Information given =>
################

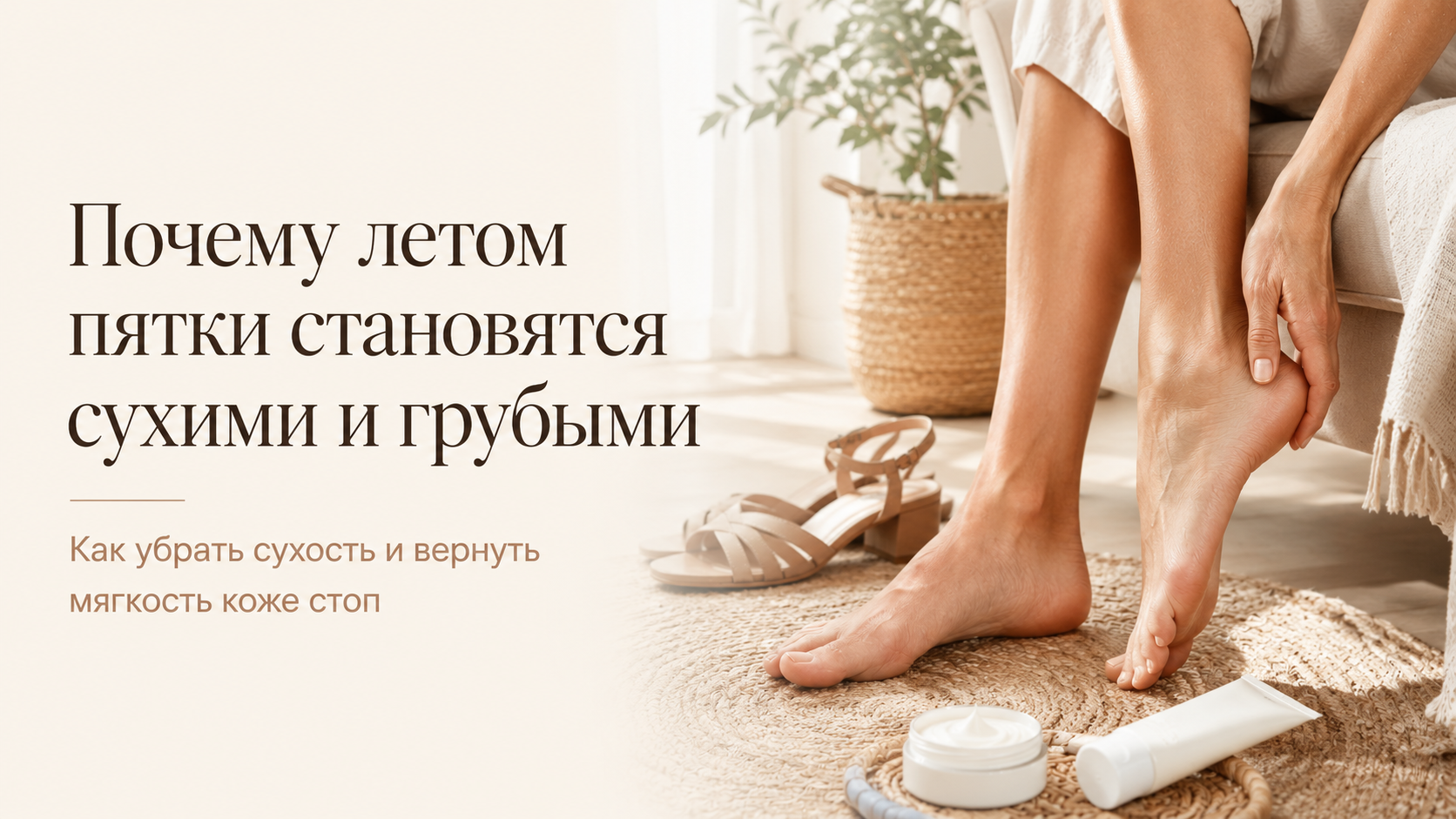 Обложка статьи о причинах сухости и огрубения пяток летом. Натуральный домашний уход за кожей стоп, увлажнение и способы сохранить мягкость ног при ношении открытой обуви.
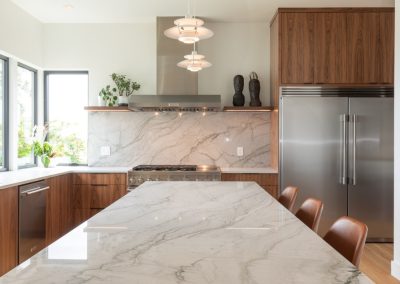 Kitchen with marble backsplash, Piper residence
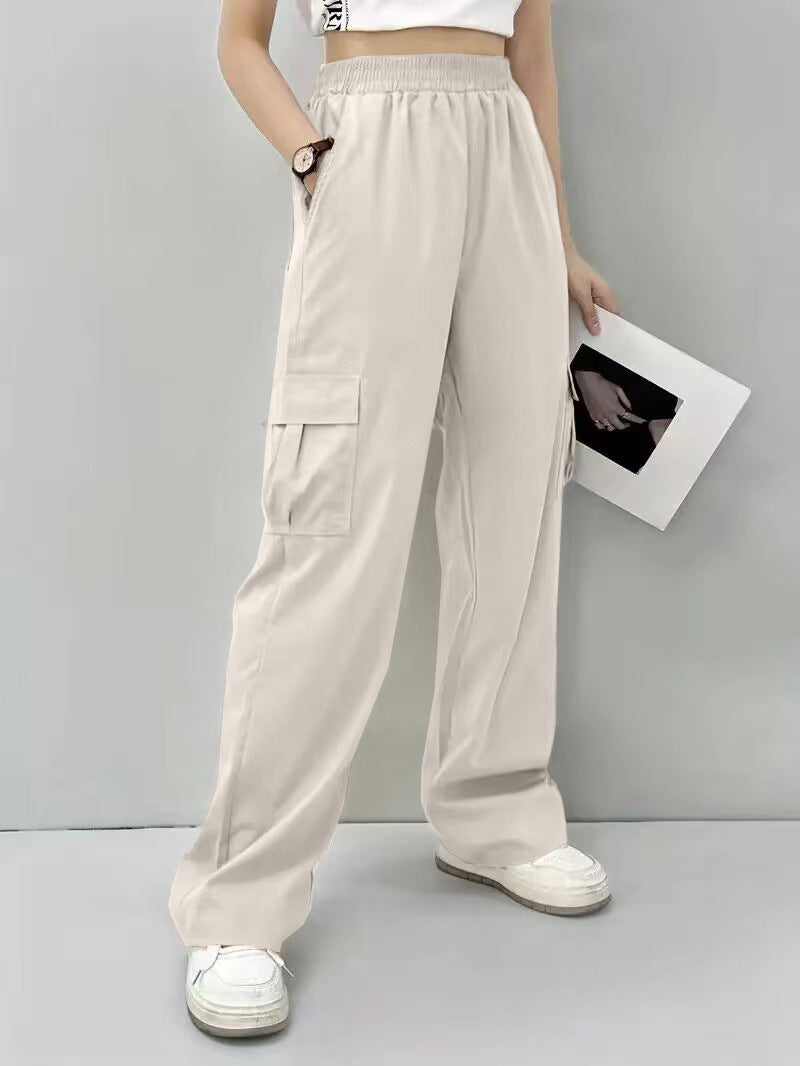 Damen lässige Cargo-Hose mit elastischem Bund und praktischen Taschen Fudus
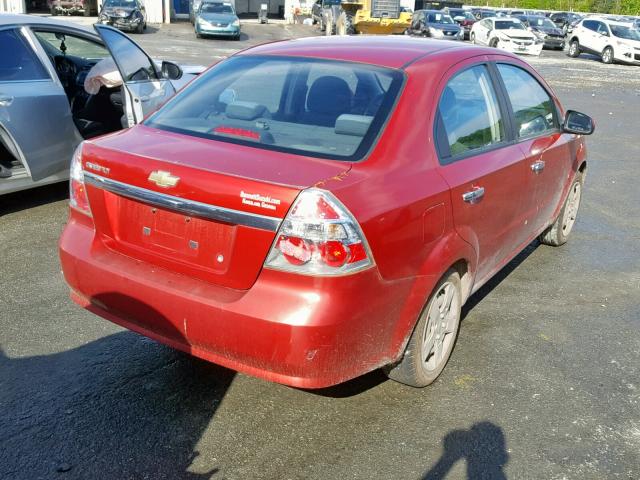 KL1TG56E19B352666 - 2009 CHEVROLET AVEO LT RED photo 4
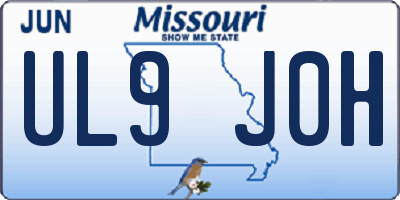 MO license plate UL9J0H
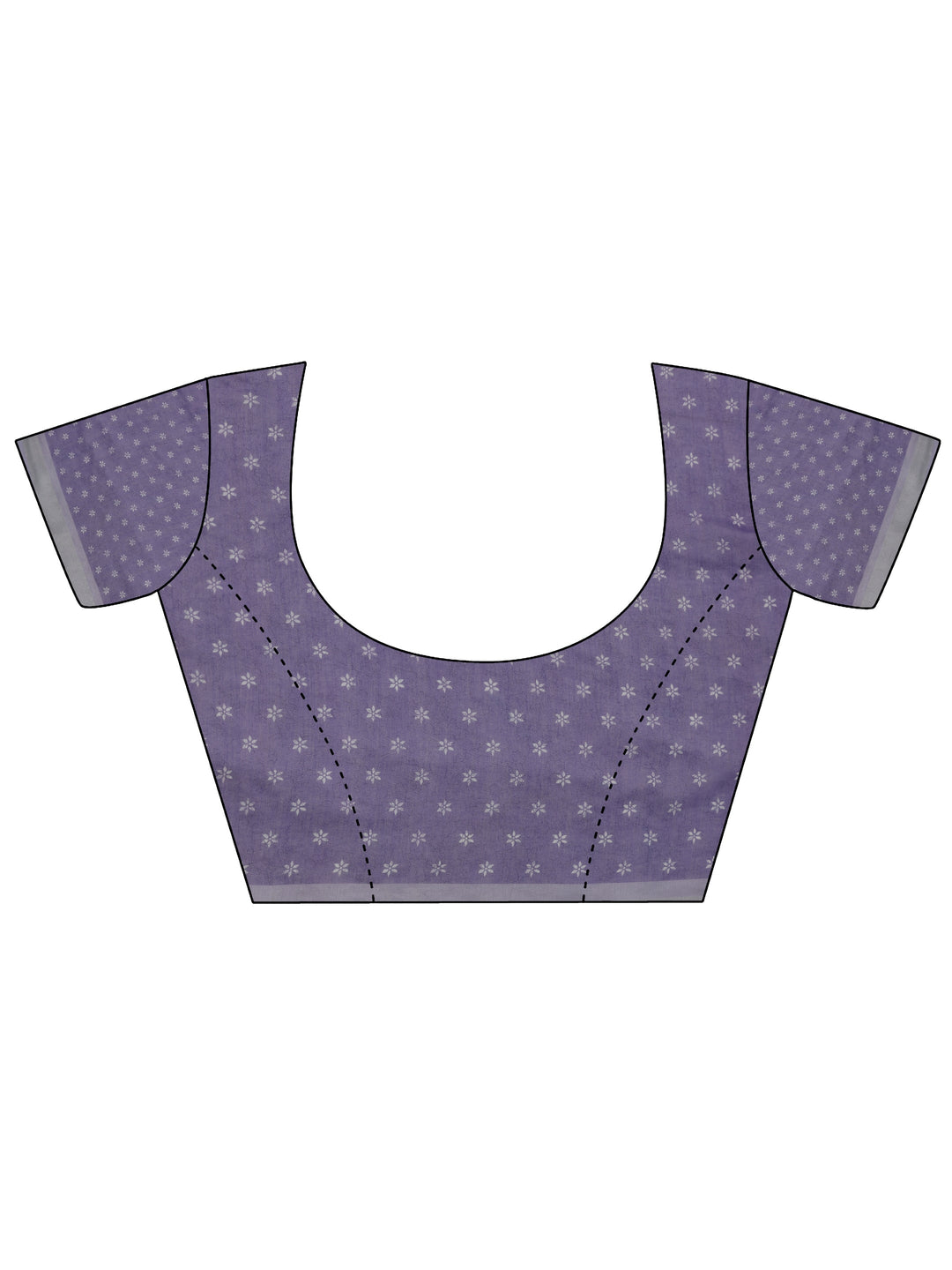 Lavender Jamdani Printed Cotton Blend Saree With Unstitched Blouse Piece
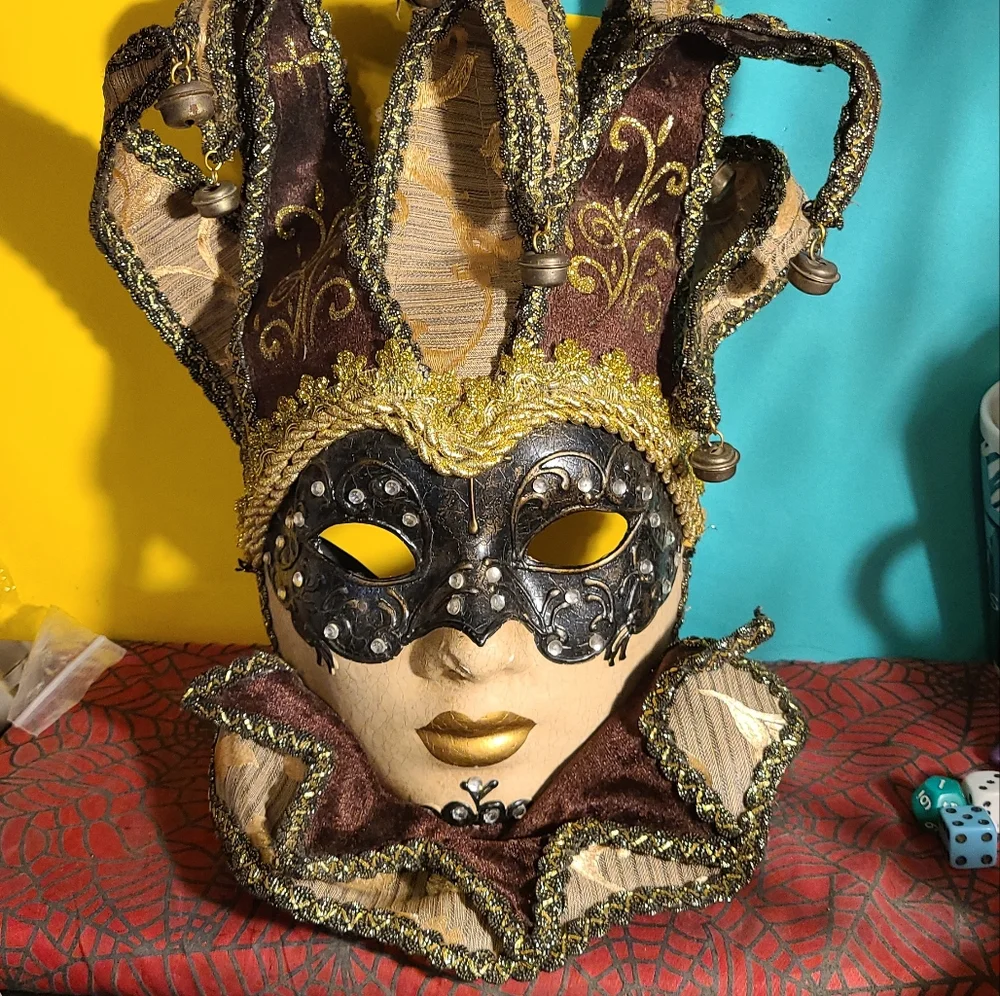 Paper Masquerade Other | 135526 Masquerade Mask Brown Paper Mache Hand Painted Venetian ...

################

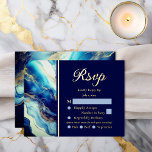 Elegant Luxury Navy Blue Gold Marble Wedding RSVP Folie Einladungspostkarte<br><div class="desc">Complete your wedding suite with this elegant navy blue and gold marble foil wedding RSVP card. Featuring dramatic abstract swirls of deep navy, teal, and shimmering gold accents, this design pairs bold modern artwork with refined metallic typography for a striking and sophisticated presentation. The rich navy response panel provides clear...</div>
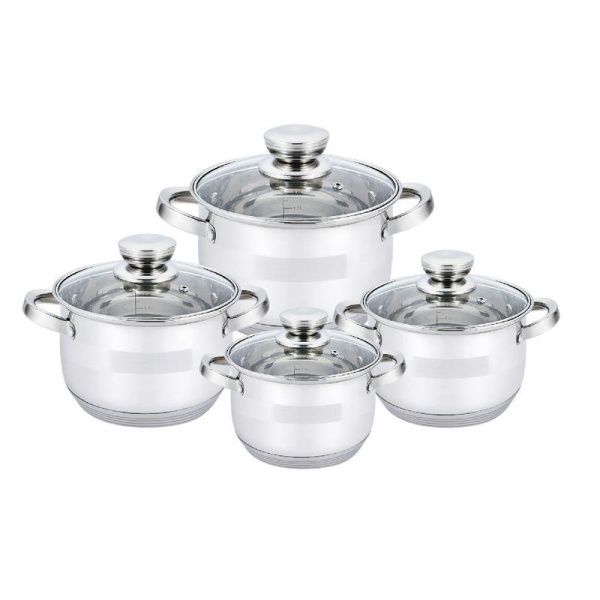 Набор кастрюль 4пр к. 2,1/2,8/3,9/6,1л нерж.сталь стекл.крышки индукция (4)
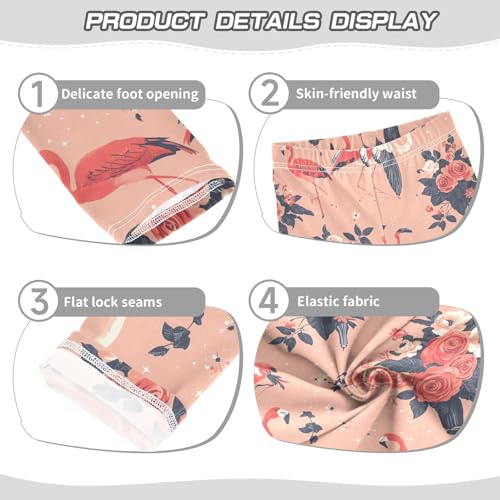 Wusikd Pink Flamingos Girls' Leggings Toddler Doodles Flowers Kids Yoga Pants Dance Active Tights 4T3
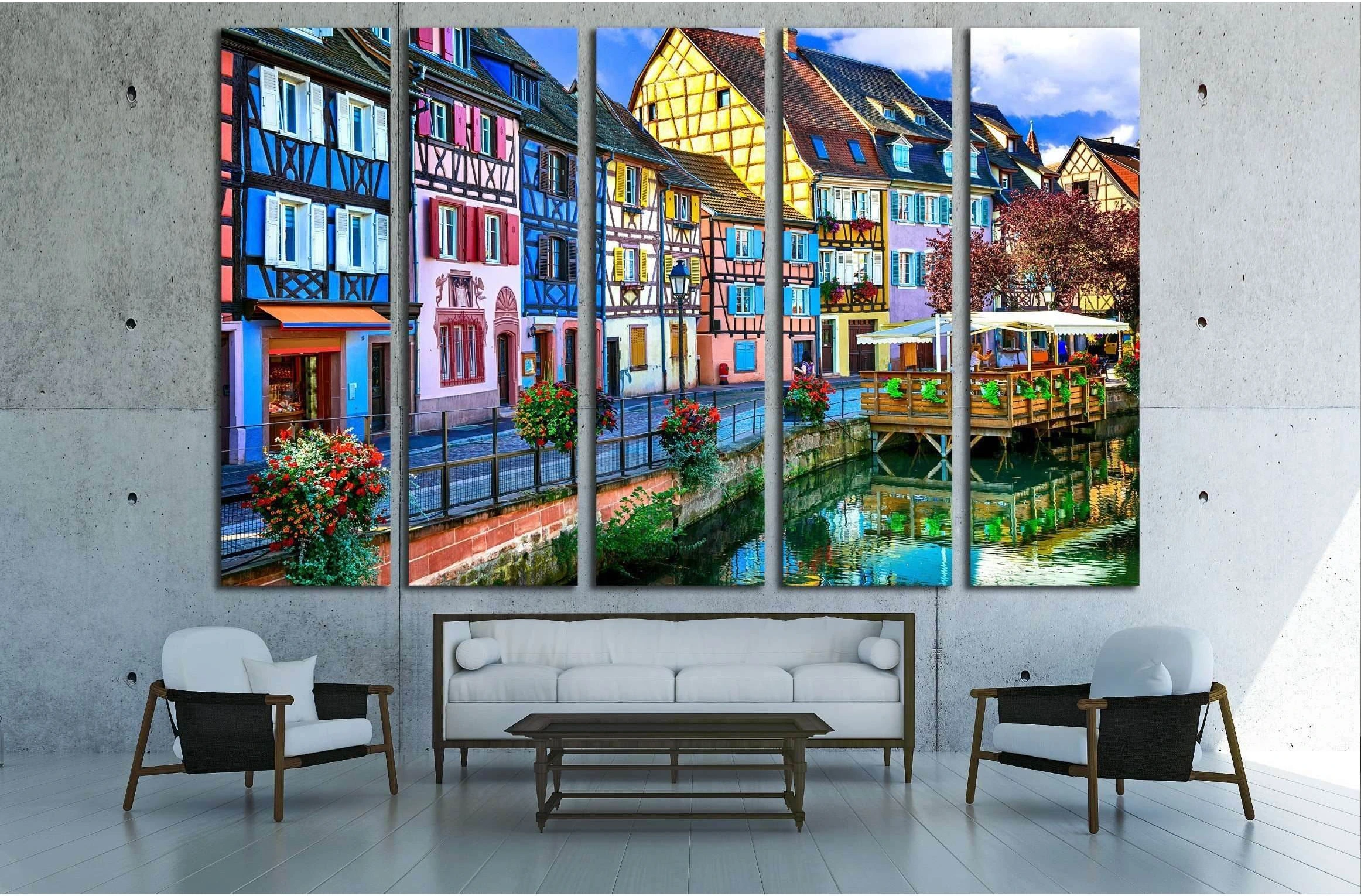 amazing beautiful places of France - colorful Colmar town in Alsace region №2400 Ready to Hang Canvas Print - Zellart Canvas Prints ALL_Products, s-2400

################

Exercise prompt => Please output, exactly as written, the lines above from the one holding "Обложка статьи о" through the one holding "Paper Masquerade Other", both included, with the pictures omitted.

Completed exercise =>
 Обложка статьи о причинах сухости и огрубения пяток летом. Натуральный домашний уход за кожей стоп, увлажнение и способы сохранить мягкость ног при ношении открытой обуви.
 Kitchen with marble backsplash, Piper residence
 Damen lässige Cargo-Hose mit elastischem Bund und praktischen Taschen Fudus
 KL1TG56E19B352666 - 2009 CHEVROLET AVEO LT RED photo 4
 MO license plate UL9J0H
 Lavender Jamdani Printed Cotton Blend Saree With Unstitched Blouse Piece
 Paper Masquerade Other | 135526 Masquerade Mask Brown Paper Mache Hand Painted Venetian ...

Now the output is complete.